Mean demographic and neuropsychological data in the normal control (NC), MCI and mild AD groups
| NC |
Amnestic MCI |
AD |
MCI versus NC | MC versus AD | ||||
|---|---|---|---|---|---|---|---|---|
| mean | SD | mean | SD | mean | SD | |||
| Age | 73.0 | 5.3 | 75.0 | 6.1 | 73.4 | 9.2 | n.s. | n.s. |
| Education | 16.6 | 2.8 | 16.5 | 3.2 | 15.7 | 3.3 | n.s. | n.s. |
| MMSE | 29.5 | 0.8 | 28.5 | 1.5 | 25.2 | 1.3 | <0.05 | <0.001 |
| Delayed verbal memory | 7.3 | 1.8 | 4.5 | 2.8 | 1.6 | 1.9 | <0.001 | <0.001 |
| Delayed visual memory | 11.4 | 3.0 | 8.6 | 4.6 | 3.6 | 3.7 | <0.05 | <0.001 |
| Digits backward | 5.0 | 1.2 | 4.7 | 1.0 | 4.0 | 1.0 | n.s. | n.s. |
| Modified trails | 3.3 | 0.5 | 2.7 | 0.9 | 2.0 | 0.8 | <0.005 | <0.005 |
| Stroop | 49.7 | 9.7 | 38.8 | 10.4 | 19.9 | 10.2 | <0.001 | <0.001 |
| Design fluency | 10.1 | 2.9 | 8.0 | 2.9 | 5.3 | 2.2 | <0.05 | <0.05 |
| d-Word generation | 15.3 | 5.7 | 13.3 | 5.4 | 10.6 | 4.4 | n.s. | n.s. |
| Animal fluency | 21.5 | 5.9 | 15.6 | 5.0 | 9.6 | 5.1 | <0.001 | <0.001 |
| Boston naming | 14.5 | 0.8 | 13.5 | 1.3 | 11.4 | 3.3 | n.s. | <0.05 |
| Modified Rey copy | 15.4 | 1.4 | 15.2 | 1.7 | 14.2 | 2.8 | n.s. | n.s. |
| Abstract reasoning | 4.8 | 1.0 | 4.5 | 1.3 | 2.9 | 1.5 | n.s. | <0.001 |
| GDS | 4.3 | 3.7 | 6.3 | 3.9 | 7.7 | 6.7 | n.s. | n.s. |
n.s. = Not significant
GDS = Geriatric Depression Scale.
Neuropsychological Assessment
All subjects completed a brief neuropsychological screening designed to quickly and reliably assess episodic memory, working memory, executive functioning, fluency, naming, spatial ability and abstract reasoning [13]. The screening typically required 45 min to complete. Verbal episodic memory was evaluated with the California Verbal Learning Test – Short Form [14]. Visual memory was assessed by having subjects draw from memory a geometric figure they had copied 10 min earlier. Recall of the figure was scored on a 17-point scale. Working memory was measured using backward digit span length.
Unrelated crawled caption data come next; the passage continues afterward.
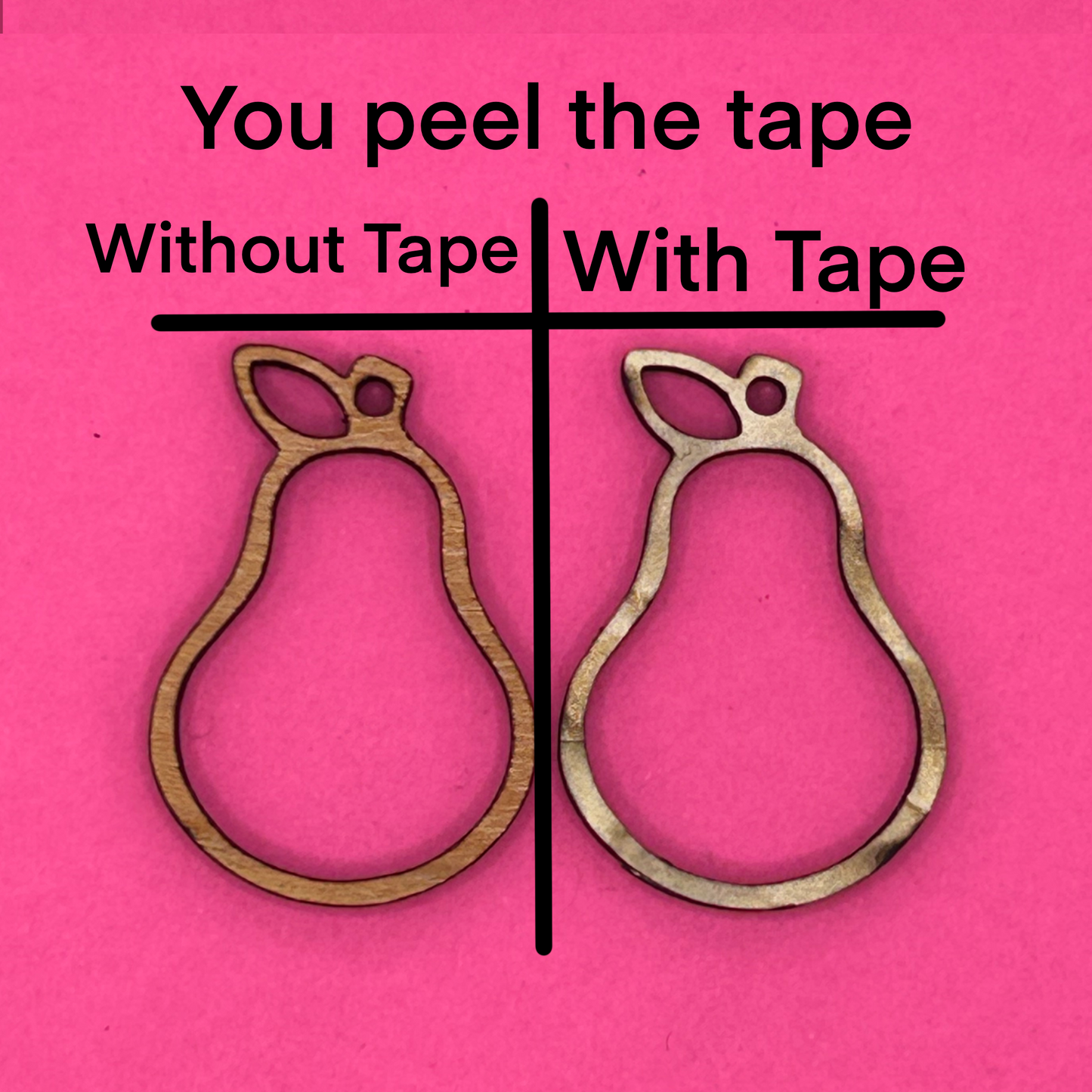 Blank pear wooden bezels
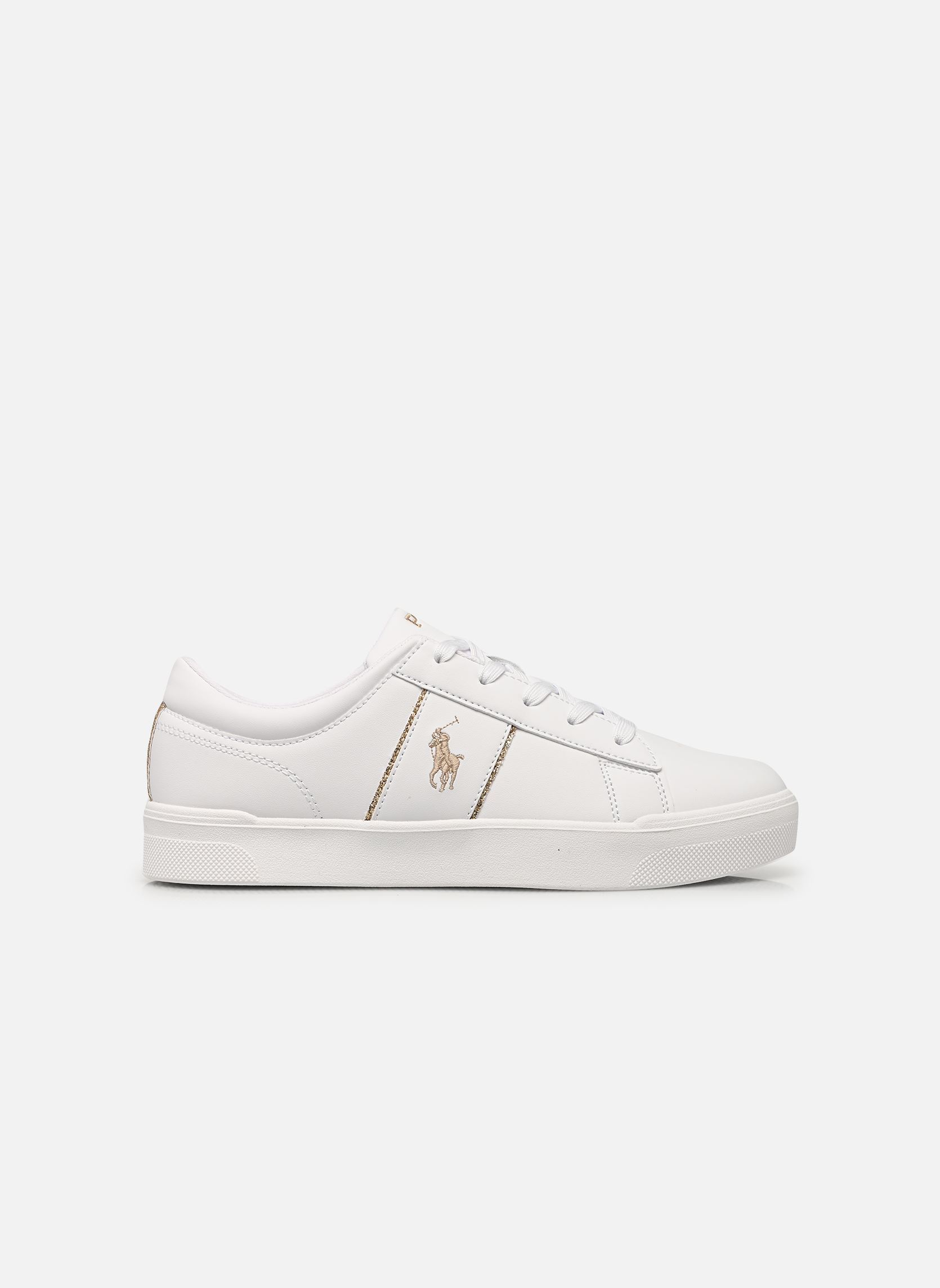Baskets basses Frazier II fille blanc Polo Ralph Lauren Baskets basses Frazier II fille blanc WHITE SMOOTH/GOLD GLITTER W/ G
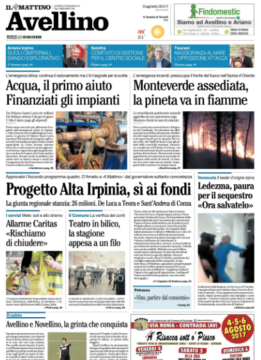 Valle Caudina, i giornali oggi in edicola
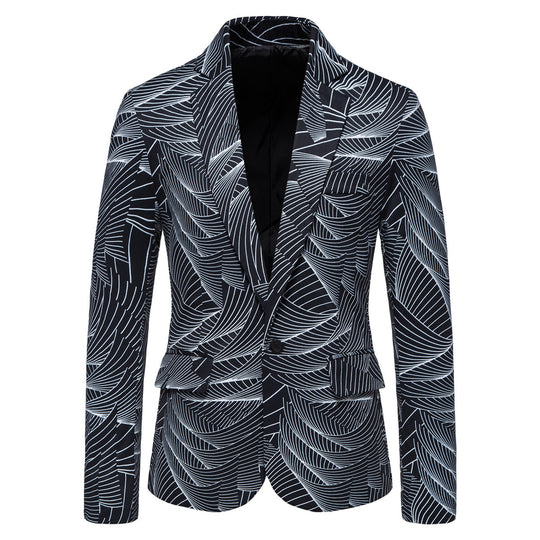 Damen modischer Blazer mit floralem Motiv Heidi-Mode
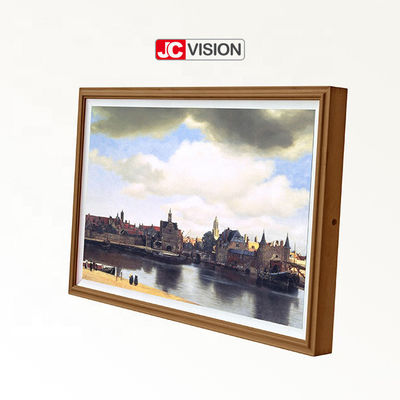 El marco 32 de la foto de JCVISION LCD Digital avanza lentamente el marco elegante de Art Wall Mounted Digital Photo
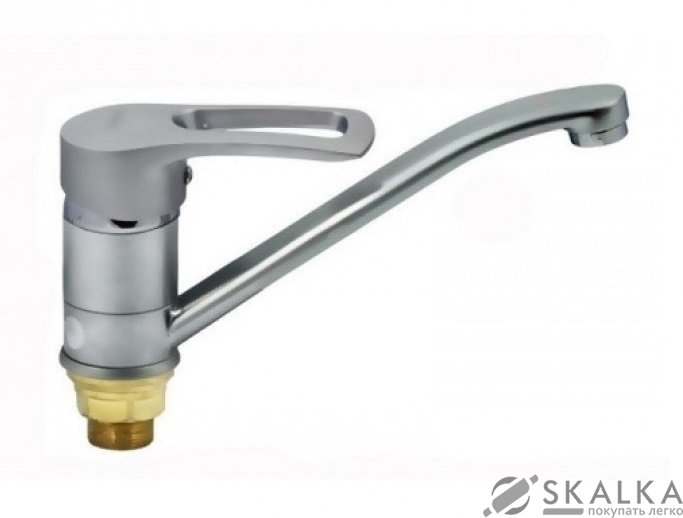 Кухонный смеситель Haiba Hansberg 555-15 CM на гайке сатин (HB0214) На фото Кухонный смеситель Haiba Hansberg 555-15 CM на гайке сатин (HB0214)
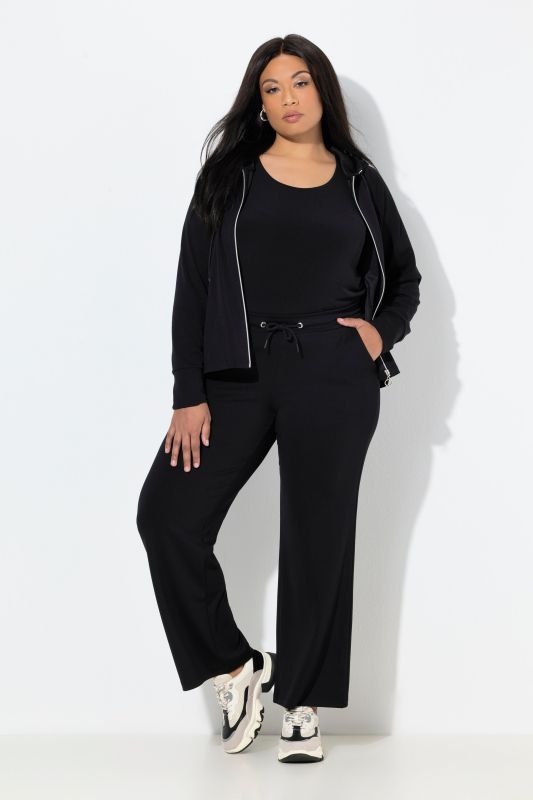 Pantalon de jogging avec poches, jambe droite et taille élastique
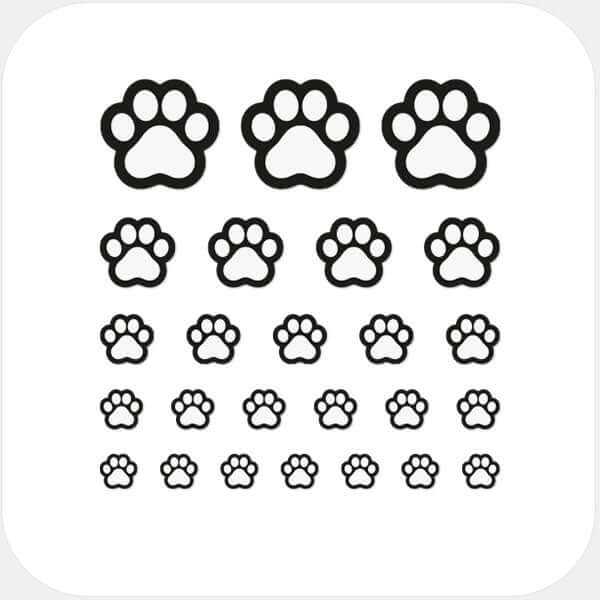 camera privacy sticker set for multiple devices with 5 sizes – white Cat Paw CamTag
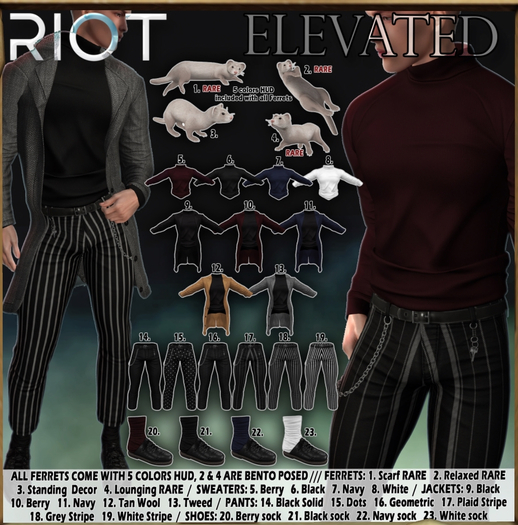 01. RIOT / Elevated Ferret - Scarf Companion RARE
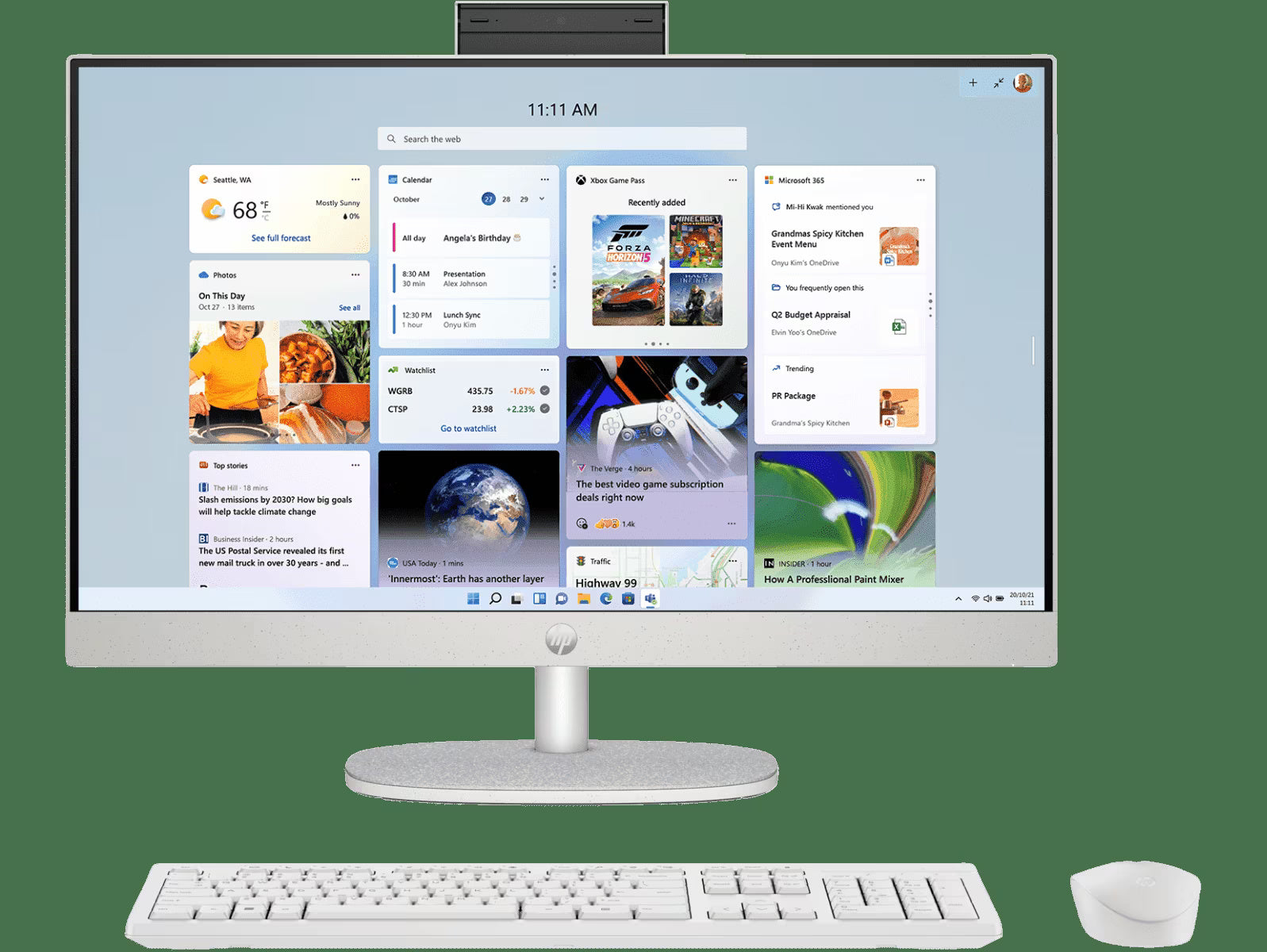 HP All In One PC, Intel Core Ultra 5, Intel UHD Graphics, 16GB, 1TB SSD, 27" FHD, 27-CR1027IN - | Buy Online at Shwetha Computers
Executive functioning tasks included cognitive flexibility and response inhibition. Cognitive flexibility was assessed using a modification of the Trail-Making Test that required subjects to serially alternate between numbers and days of the week. To adjust for the fact that some subjects did not complete the task within the 2-min time limit, the dependent measure was the number of correct connections made per minute (log transformed to normalize the distribution). Response inhibition was assessed by the interference condition of the Stroop test; their final score was the total number of correct responses in 60 s. Verbal fluency was number of words beginning with the letter ‘d’ in 1 min and number of animals in 1 min. Design fluency was assessed using condition 1 of the Delis-Kaplan Executive Functioning System Design Fluency subtest that required subjects to generate novel designs with 4 lines. Confrontation naming was assessed with a 15-item short form of the Boston Naming Test. Spatial ability was assessed by having subjects copy a complex geometric figure [13]. Interpretation of proverbs and determining conceptual similarities between word pairs served as the measure of abstract reasoning.
Statistical Procedures
Group differences on the cognitive measures were evaluated using one-way ANOVA with Tukey's post hoc contrasts, with the contrasts of primary interest being MCI versus control and MCI versus AD.
Results
Mean scores on the neuropsychological test for the AD, MCI and normal control groups are listed in table 1. There were no group differences in age or education. On the MMSE, the MCI group's mean score of 28.5 (range = 26−30) was well within normal limits but below that of the normal controls and higher than that of the AD patients. As expected, the MCI group also performed less well than the control group but better than the AD group on measures of delayed verbal and visual memory.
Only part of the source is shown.